PET imaging for myocardial innervation expands with F-18 labeled agent

Kathy Mahdoubi | | Health Imaging | Molecular Imaging

First-in-human study of an investigational radiotracer, F-18 LMI1195, shows clear imaging of myocardial innervation via the norepinephrine transporter system—tipping off potential adverse cardiac events, according to a study published July 3 in the Journal of Nuclear Medicine.

Heart failure (HF) and sudden cardiac death (SCD) are linked to abnormalities of the cardiac sympathetic nervous system. Changes associated with these abnormalities include increased norepinephrine release from cardiac sympathetic nerves and a decrease in cardiac norepinephrine reuptake. Norepinephrine transporter imaging with F-18 LMI1195, full name (N-[3-bromo-4-(3-18F-fluoro-propoxy)-benzyl]-guanidine [LMI1195], could provide a visual map of these changes.

Albert J. Sinusas, from the cardiovascular section of the department of medicine at Yale University School of Medicine in New Haven, Conn., and colleagues conducted the trial to determine biodistribution and radiation dosimetry for the novel agent in 12 healthy participants who underwent PET imaging with F-18 LMI1195 in three clinical sites.

“This phase I, multicenter, non-randomized, single-dose, open-label, first-in-human clinical trial of LMI1195, a new PET imaging agent for the noninvasive assessment of sympathetic activity, demonstrates no safety concerns, rapid blood clearance, and extraction by the heart with stable myocardial activity over five hours and a favorable biodistribution for cardiac imaging over the same period of time,” wrote Sinusas et al.

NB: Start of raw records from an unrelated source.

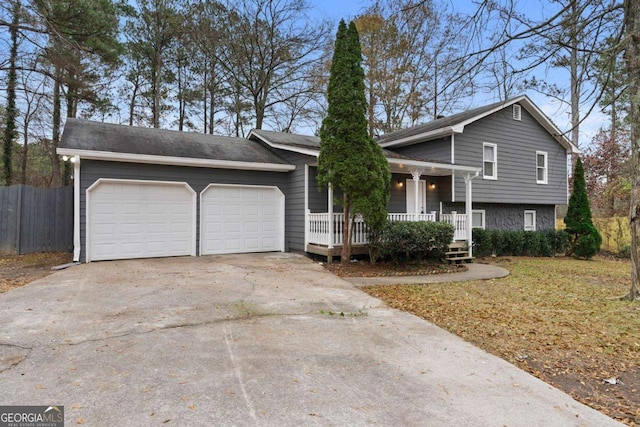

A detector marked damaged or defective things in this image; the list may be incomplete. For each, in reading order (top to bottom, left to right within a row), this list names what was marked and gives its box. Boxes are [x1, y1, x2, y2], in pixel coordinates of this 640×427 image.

cracked concrete driveway [0, 252, 620, 426]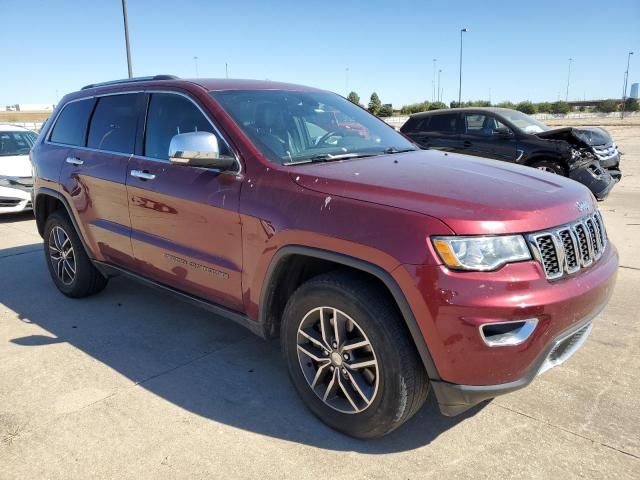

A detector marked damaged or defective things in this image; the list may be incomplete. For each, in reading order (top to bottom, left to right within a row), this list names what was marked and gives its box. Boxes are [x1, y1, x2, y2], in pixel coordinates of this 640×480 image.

damaged dark suv [404, 108, 620, 200]
crack in pavement [492, 402, 636, 462]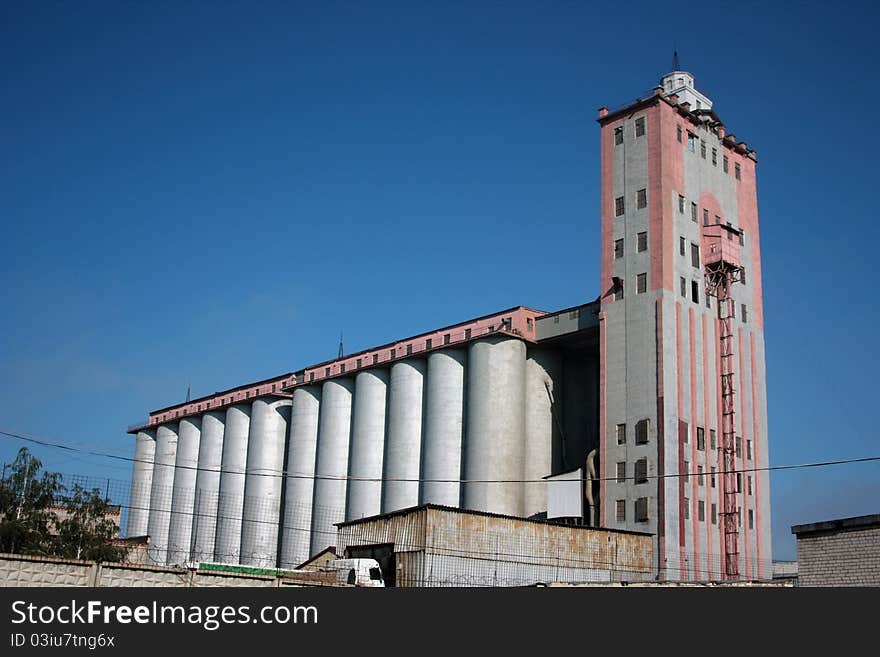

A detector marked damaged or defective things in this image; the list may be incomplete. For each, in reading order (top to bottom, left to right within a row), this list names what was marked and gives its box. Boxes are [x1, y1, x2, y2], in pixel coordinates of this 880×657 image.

Currently SPECT with I-123 metaiodobenzylguanidine (I-123 MIBG) is the molecular imaging standard for myocardial innervation. F-18 LMI1195 is in the same class as MIBG, but allows for PET imaging with a longer half-life than C-11 metahydroxyephedrine. Previous preclinical studies showed that F-18 LMI1195 was superior to MIBG.

“Although PET imaging offers advantages over SPECT imaging for quantification of regional and global myocardial activity, PET sympathetic imaging agents have been principally C-11 labeled, limiting widespread clinical translation of this approach. The availability of an F-18 labeled sympathetic agent such as LMI1195 could open the door for large multicenter PET-based imaging trials of sympathetic activation in the setting of infarction or congestive HF for prediction of SCD.”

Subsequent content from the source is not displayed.